BEGIN Dataset extract

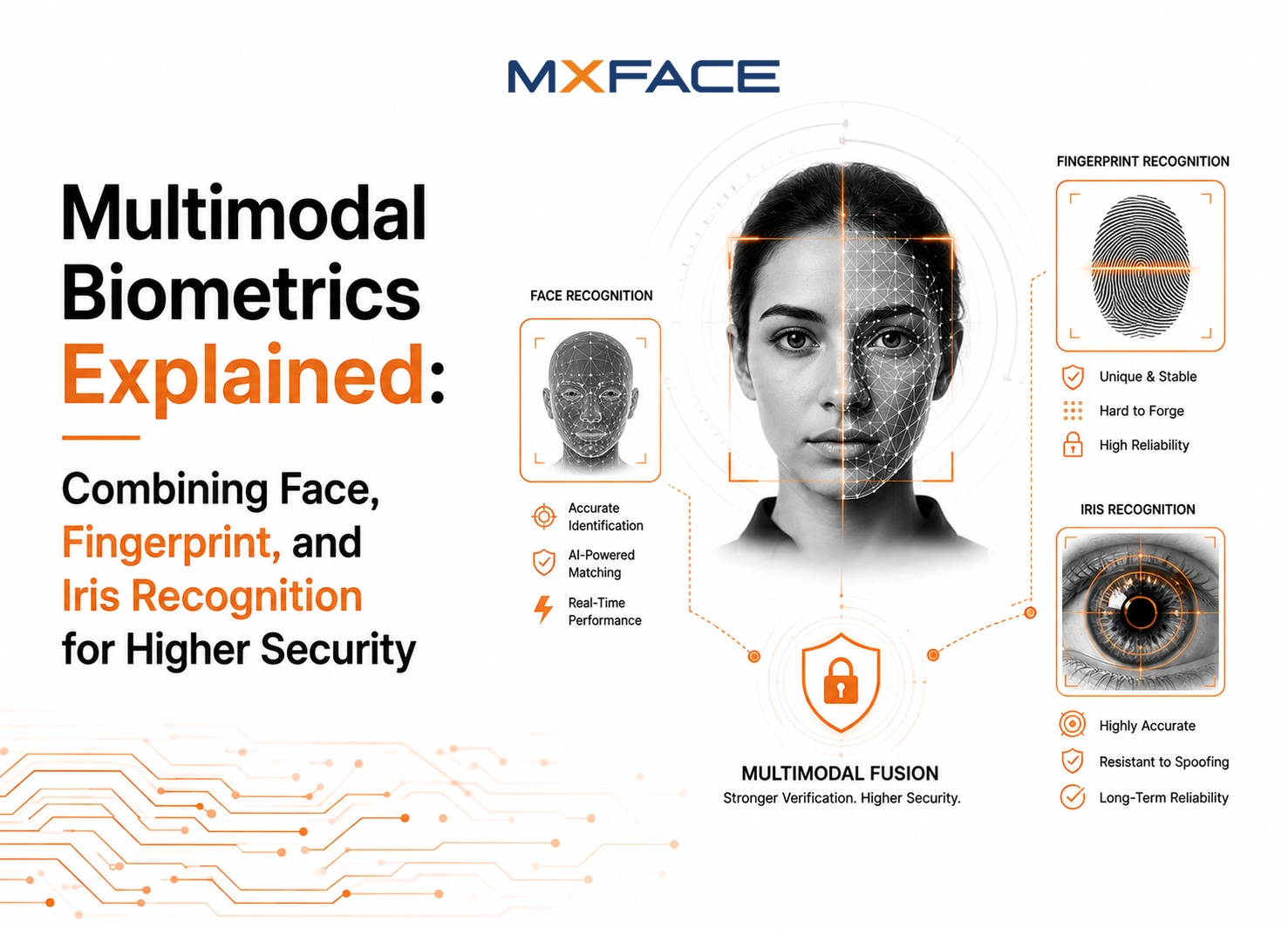 Multimodal Biometrics Explained: Combining Face,Fingerprint and Iris Recognition for Higher Security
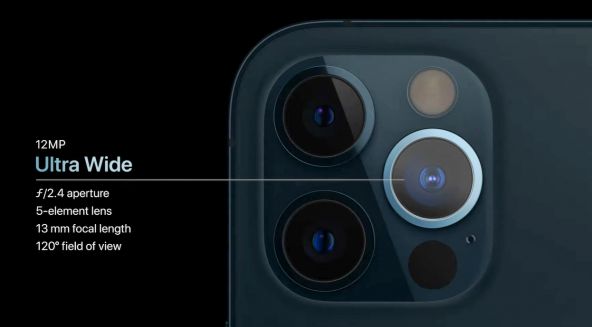 iPhone 12 Pro Max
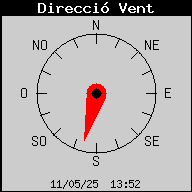 Direcció del Vent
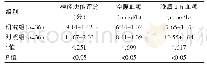 《表1 两组脑出血急性期合并糖尿病患者各指标对比（±s)》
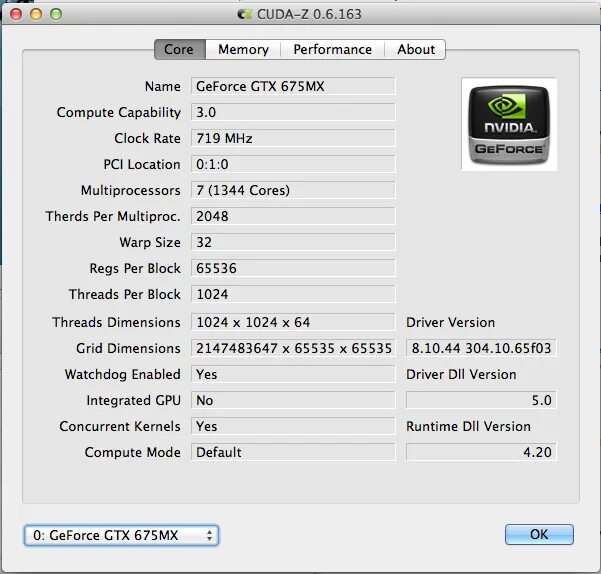 CUDA ядра в видеокартах таблица. Ядра NVIDIA CUDA. CUDA NVIDIA видеокарты. CUDA NVIDIA таблица. Версия cuda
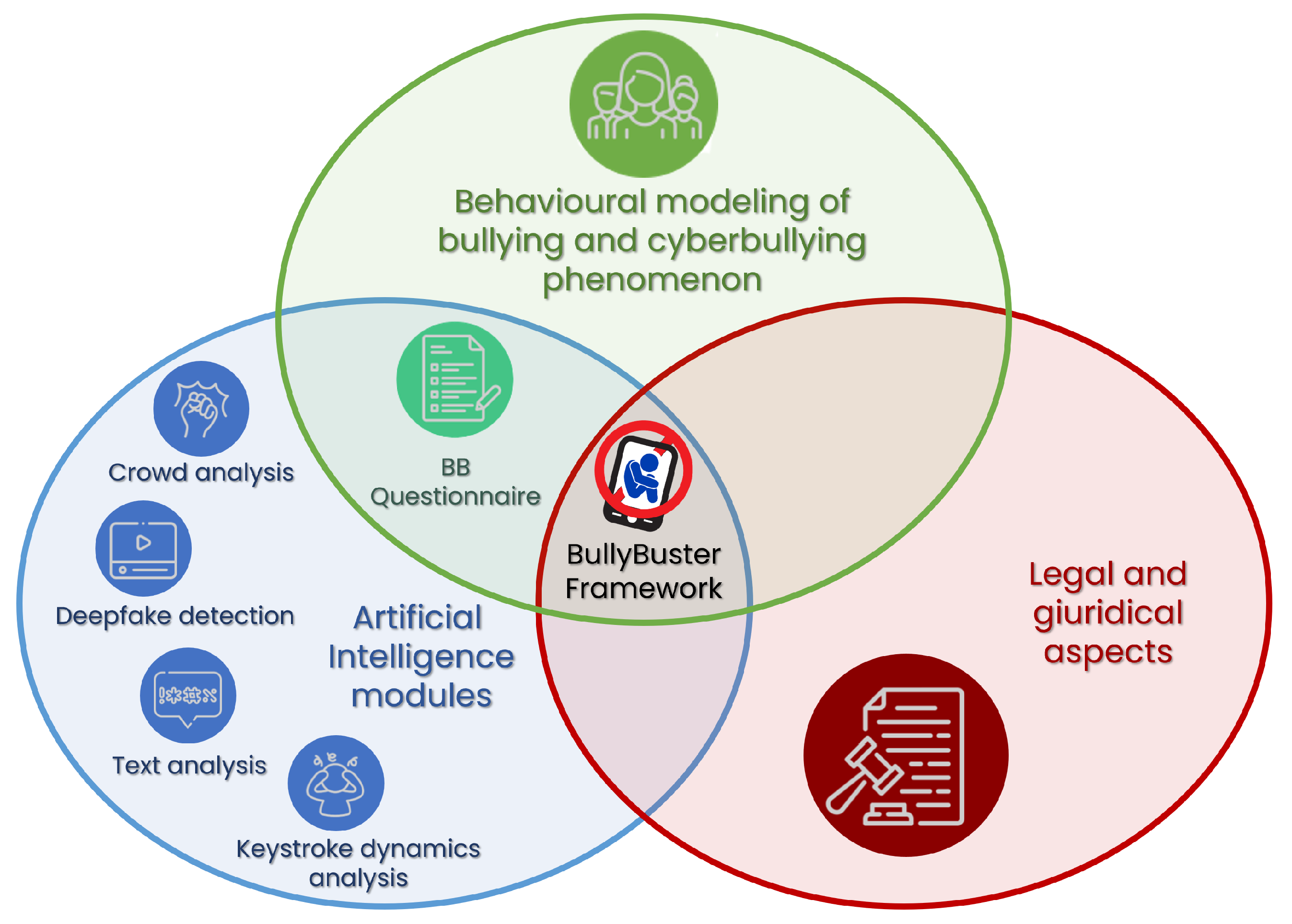 Figure 1: Security Architecture, Packet Inspection & Threat Simulation Diagram for Cyber Bullying Detection Using Natural Language Processing (Page 2)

END Dataset extract

What you return should match the entries word for word, pictures aside.

Answer to this task:
 Multimodal Biometrics Explained: Combining Face,Fingerprint and Iris Recognition for Higher Security
 iPhone 12 Pro Max
 Direcció del Vent
 《表1 两组脑出血急性期合并糖尿病患者各指标对比（±s)》
 CUDA ядра в видеокартах таблица. Ядра NVIDIA CUDA. CUDA NVIDIA видеокарты. CUDA NVIDIA таблица. Версия cuda
 Figure 1: Security Architecture, Packet Inspection & Threat Simulation Diagram for Cyber Bullying Detection Using Natural Language Processing (Page 2)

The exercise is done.